• DATA SECTION:
□ □ □ □

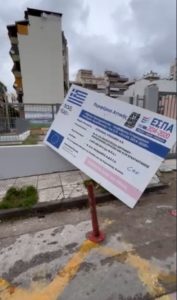 %CE%B3%CE%B5%CF%86%CF%85%CF%81%CE%B9 %CF%84%CE%B1%CE%BC%CF%80%CE%B5%CE%BB%CE%B1 E-wall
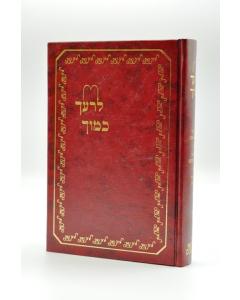 <p>Lereacha Kamocha - Halacha Vol 6</p> <p>____ ____ - ____ - ___ _</p> 
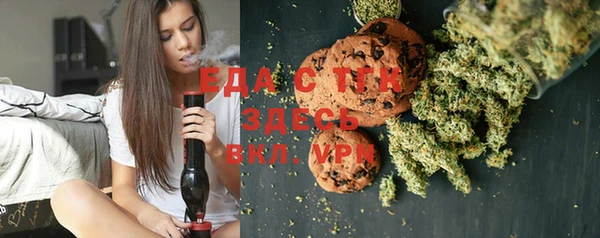 MESCALINE Абдулино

□ □ □ □

• TASK DESCRIPTION: Please ensure that the data above is repeated exactly, with no pictures in the copy.

• YOUR SOLUTION:
 %CE%B3%CE%B5%CF%86%CF%85%CF%81%CE%B9 %CF%84%CE%B1%CE%BC%CF%80%CE%B5%CE%BB%CE%B1 E-wall
 <p>Lereacha Kamocha - Halacha Vol 6</p> <p>____ ____ - ____ - ___ _</p> 
 MESCALINE Абдулино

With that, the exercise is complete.